== SUPPLIED RECORDS
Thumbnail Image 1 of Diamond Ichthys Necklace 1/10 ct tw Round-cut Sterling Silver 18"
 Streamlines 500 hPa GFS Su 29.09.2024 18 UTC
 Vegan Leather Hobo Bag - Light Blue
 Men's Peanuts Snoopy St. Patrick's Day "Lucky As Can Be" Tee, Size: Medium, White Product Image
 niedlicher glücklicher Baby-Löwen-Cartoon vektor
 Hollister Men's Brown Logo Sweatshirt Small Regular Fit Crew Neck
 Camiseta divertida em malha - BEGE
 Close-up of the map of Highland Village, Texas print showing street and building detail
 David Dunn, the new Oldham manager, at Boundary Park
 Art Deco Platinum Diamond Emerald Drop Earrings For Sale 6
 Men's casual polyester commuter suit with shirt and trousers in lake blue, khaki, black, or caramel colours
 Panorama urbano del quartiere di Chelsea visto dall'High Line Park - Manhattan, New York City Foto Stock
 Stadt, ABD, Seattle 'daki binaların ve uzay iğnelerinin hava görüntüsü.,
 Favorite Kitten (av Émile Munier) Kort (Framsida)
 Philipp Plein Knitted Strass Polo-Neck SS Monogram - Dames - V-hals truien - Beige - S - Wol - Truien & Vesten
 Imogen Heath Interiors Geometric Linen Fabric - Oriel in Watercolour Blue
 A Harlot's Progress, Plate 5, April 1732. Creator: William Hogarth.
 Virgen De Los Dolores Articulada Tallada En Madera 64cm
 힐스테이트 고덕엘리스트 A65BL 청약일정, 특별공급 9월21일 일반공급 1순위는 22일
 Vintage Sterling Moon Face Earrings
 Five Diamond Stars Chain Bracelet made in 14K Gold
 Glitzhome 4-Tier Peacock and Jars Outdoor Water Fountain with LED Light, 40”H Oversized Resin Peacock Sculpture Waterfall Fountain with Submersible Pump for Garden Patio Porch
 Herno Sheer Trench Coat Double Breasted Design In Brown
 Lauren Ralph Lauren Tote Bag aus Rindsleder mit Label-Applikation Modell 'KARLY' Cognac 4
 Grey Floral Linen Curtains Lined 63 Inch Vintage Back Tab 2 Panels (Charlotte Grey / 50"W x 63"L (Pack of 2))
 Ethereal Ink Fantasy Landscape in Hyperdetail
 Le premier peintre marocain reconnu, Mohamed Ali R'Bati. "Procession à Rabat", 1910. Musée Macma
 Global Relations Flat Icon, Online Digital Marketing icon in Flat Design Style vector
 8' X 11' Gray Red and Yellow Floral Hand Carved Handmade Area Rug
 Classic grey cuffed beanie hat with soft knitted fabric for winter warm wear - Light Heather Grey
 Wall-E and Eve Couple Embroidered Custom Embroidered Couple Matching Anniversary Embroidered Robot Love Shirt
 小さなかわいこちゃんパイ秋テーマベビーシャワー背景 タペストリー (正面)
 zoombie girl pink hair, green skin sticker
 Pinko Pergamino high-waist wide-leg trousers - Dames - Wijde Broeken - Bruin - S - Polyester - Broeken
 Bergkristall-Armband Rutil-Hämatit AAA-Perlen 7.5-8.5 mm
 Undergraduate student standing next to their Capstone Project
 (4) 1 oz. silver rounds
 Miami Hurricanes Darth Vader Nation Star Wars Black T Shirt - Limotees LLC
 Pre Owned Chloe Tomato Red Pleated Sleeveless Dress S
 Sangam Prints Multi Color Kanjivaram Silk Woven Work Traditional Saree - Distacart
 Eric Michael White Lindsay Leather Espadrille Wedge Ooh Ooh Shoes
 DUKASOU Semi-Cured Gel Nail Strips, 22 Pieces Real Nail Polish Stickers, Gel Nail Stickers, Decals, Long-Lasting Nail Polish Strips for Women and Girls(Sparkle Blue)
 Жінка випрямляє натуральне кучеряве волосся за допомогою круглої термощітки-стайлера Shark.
====
*TASK ITEM:*
Return the data in its entirety, exactly as given.

*EXERCISE SOLUTION:*
Thumbnail Image 1 of Diamond Ichthys Necklace 1/10 ct tw Round-cut Sterling Silver 18"
 Streamlines 500 hPa GFS Su 29.09.2024 18 UTC
 Vegan Leather Hobo Bag - Light Blue
 Men's Peanuts Snoopy St. Patrick's Day "Lucky As Can Be" Tee, Size: Medium, White Product Image
 niedlicher glücklicher Baby-Löwen-Cartoon vektor
 Hollister Men's Brown Logo Sweatshirt Small Regular Fit Crew Neck
 Camiseta divertida em malha - BEGE
 Close-up of the map of Highland Village, Texas print showing street and building detail
 David Dunn, the new Oldham manager, at Boundary Park
 Art Deco Platinum Diamond Emerald Drop Earrings For Sale 6
 Men's casual polyester commuter suit with shirt and trousers in lake blue, khaki, black, or caramel colours
 Panorama urbano del quartiere di Chelsea visto dall'High Line Park - Manhattan, New York City Foto Stock
 Stadt, ABD, Seattle 'daki binaların ve uzay iğnelerinin hava görüntüsü.,
 Favorite Kitten (av Émile Munier) Kort (Framsida)
 Philipp Plein Knitted Strass Polo-Neck SS Monogram - Dames - V-hals truien - Beige - S - Wol - Truien & Vesten
 Imogen Heath Interiors Geometric Linen Fabric - Oriel in Watercolour Blue
 A Harlot's Progress, Plate 5, April 1732. Creator: William Hogarth.
 Virgen De Los Dolores Articulada Tallada En Madera 64cm
 힐스테이트 고덕엘리스트 A65BL 청약일정, 특별공급 9월21일 일반공급 1순위는 22일
 Vintage Sterling Moon Face Earrings
 Five Diamond Stars Chain Bracelet made in 14K Gold
 Glitzhome 4-Tier Peacock and Jars Outdoor Water Fountain with LED Light, 40”H Oversized Resin Peacock Sculpture Waterfall Fountain with Submersible Pump for Garden Patio Porch
 Herno Sheer Trench Coat Double Breasted Design In Brown
 Lauren Ralph Lauren Tote Bag aus Rindsleder mit Label-Applikation Modell 'KARLY' Cognac 4
 Grey Floral Linen Curtains Lined 63 Inch Vintage Back Tab 2 Panels (Charlotte Grey / 50"W x 63"L (Pack of 2))
 Ethereal Ink Fantasy Landscape in Hyperdetail
 Le premier peintre marocain reconnu, Mohamed Ali R'Bati. "Procession à Rabat", 1910. Musée Macma
 Global Relations Flat Icon, Online Digital Marketing icon in Flat Design Style vector
 8' X 11' Gray Red and Yellow Floral Hand Carved Handmade Area Rug
 Classic grey cuffed beanie hat with soft knitted fabric for winter warm wear - Light Heather Grey
 Wall-E and Eve Couple Embroidered Custom Embroidered Couple Matching Anniversary Embroidered Robot Love Shirt
 小さなかわいこちゃんパイ秋テーマベビーシャワー背景 タペストリー (正面)
 zoombie girl pink hair, green skin sticker
 Pinko Pergamino high-waist wide-leg trousers - Dames - Wijde Broeken - Bruin - S - Polyester - Broeken
 Bergkristall-Armband Rutil-Hämatit AAA-Perlen 7.5-8.5 mm
 Undergraduate student standing next to their Capstone Project
 (4) 1 oz. silver rounds
 Miami Hurricanes Darth Vader Nation Star Wars Black T Shirt - Limotees LLC
 Pre Owned Chloe Tomato Red Pleated Sleeveless Dress S
 Sangam Prints Multi Color Kanjivaram Silk Woven Work Traditional Saree - Distacart
 Eric Michael White Lindsay Leather Espadrille Wedge Ooh Ooh Shoes
 DUKASOU Semi-Cured Gel Nail Strips, 22 Pieces Real Nail Polish Stickers, Gel Nail Stickers, Decals, Long-Lasting Nail Polish Strips for Women and Girls(Sparkle Blue)
 Жінка випрямляє натуральне кучеряве волосся за допомогою круглої термощітки-стайлера Shark.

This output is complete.